JON BERNTHAL: What they did here is enormously special. The way that they carry themselves, their commitment, their joy, their talent, it blew me away from the beginning. I remember Saniyya in the first table read. I was speechless at her talent and by how deeply she committed to that table read and how far she went. Both of these young women come from beautiful families. I love both of their families. They’re supported, they’re nurtured. They’ve learned a real, authentic work ethic. It’s beyond just unbelievable talent. They really stayed in it. Plus, they really developed something beautiful off-screen. All of the [actresses who played the] sisters did. The entire “Williams family” in this movie did. Without being self-righteous or pompous or too loud about it, they managed to stay within proximity of their characters and built something together… built an ensemble that was so beautiful, real, unflinching and effortless. And that only happens when a group of people in an ensemble really commits to each other. Every time I walked out of my trailer with my short shorts, my mustache and my bowl haircut, those girls would just fall over laughing. And I’d always do some sort of funny walk or talk in some heightened Rick Macci voice. I always wanted them laughing at me—that’s how I knew we were good—that they would just laugh, not laughing with me, laughing at me. They would literally see me walk out of the trailer and they would fall over laughing. I love them. I love their families and we’ll always be connected.
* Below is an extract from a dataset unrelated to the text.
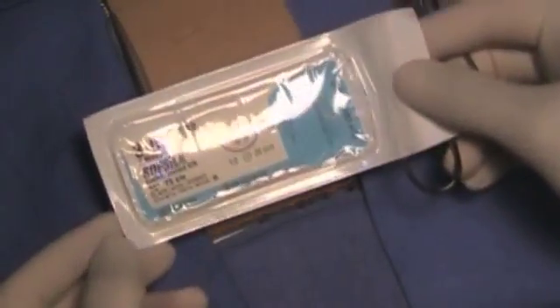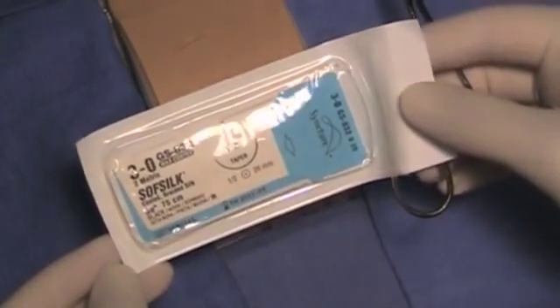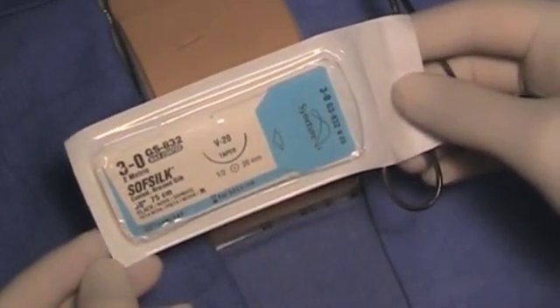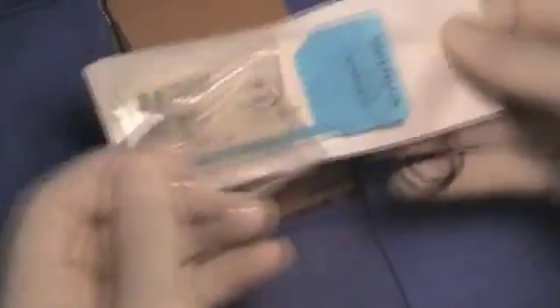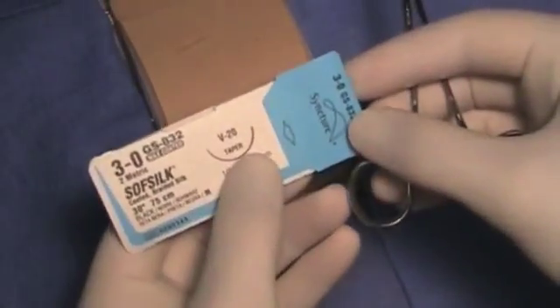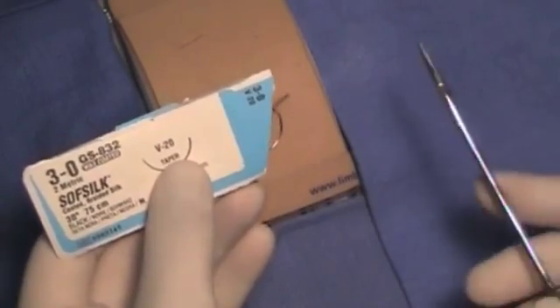Start with our suture material. We are going to be using 3-0 Soft Silk for testing and visualization purposes. The students will be instructed to and required to open up the packet and to load the needle into the needle driver correctly.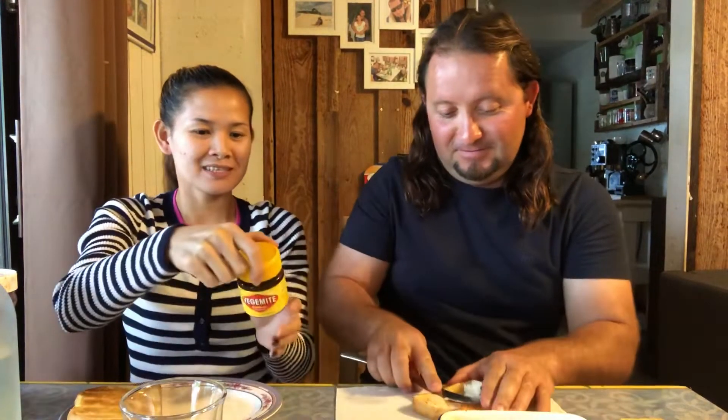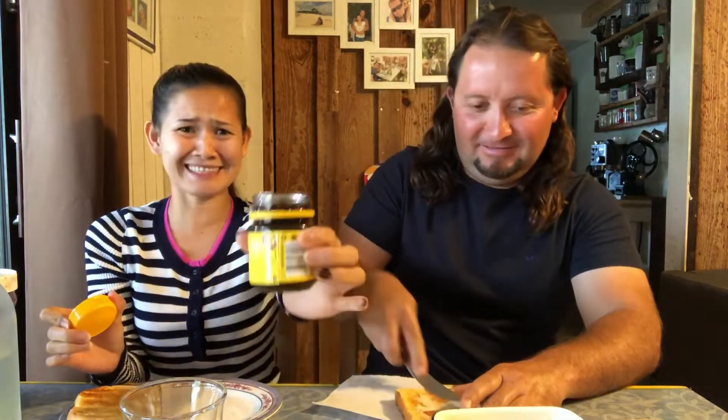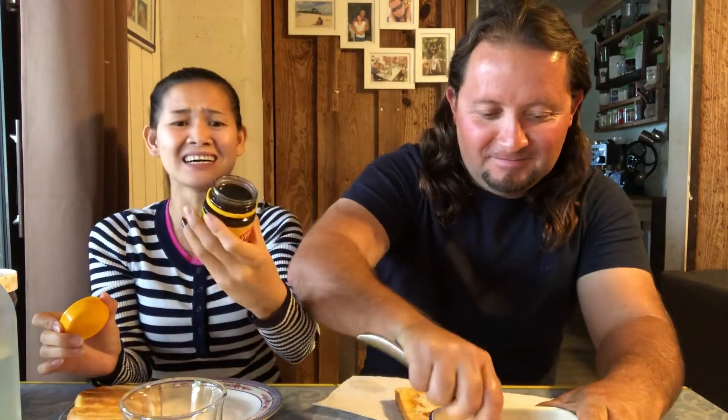Do you want me to open this? Oh my god, it smells bad! You know the ascorbic acid in the Philippines? This is it! It is so yum! I mean, I don't know. He's an adventurous eater. Yeah, he is. I don't have a very wide palate.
Looking at the range of roles that you have played, are you surprised at how this strikes people as, “Wow. This is something really different for him?”
JON BERNTHAL: I don’t ever really think about it in those terms. I know at first they weren’t sure I was the guy. I had to lose a ton of weight and kind of transform. But, I knew immediately when I read this, that I understood this guy’s heart. And I think if you can understand a character’s heart, if it makes you feel something and if you believe in what that character’s mission is, I think the rest is just building around it. I’m really grateful that I got to do this one.
You look like you’re having a ball, which makes us appreciate him even more. What do you think people can expect from King Richard? What would you like them to take away from it?
JON BERNTHAL: I think it’s a truthful and authentic meditation on parenthood, on fatherhood and on this limitless and unrelenting love that parents have for their children. And this really is a unique and beautiful version of that love. I think that it’s such an ode to parenthood. And also an ode to young folks who are beginning to come into their own, and the power of that. The power and the pain that sometimes is associated with letting your kids go and letting them fly. I just know, as a dad, the love you have for your kids is just so unbelievably profound. And it’s always this back-and-forth between being there, supporting them, holding them, but also encouraging them, pushing them and then letting them fly. And it is never easy. It is never just pretty, but it can be beautiful. And I think in this film, that’s what it is.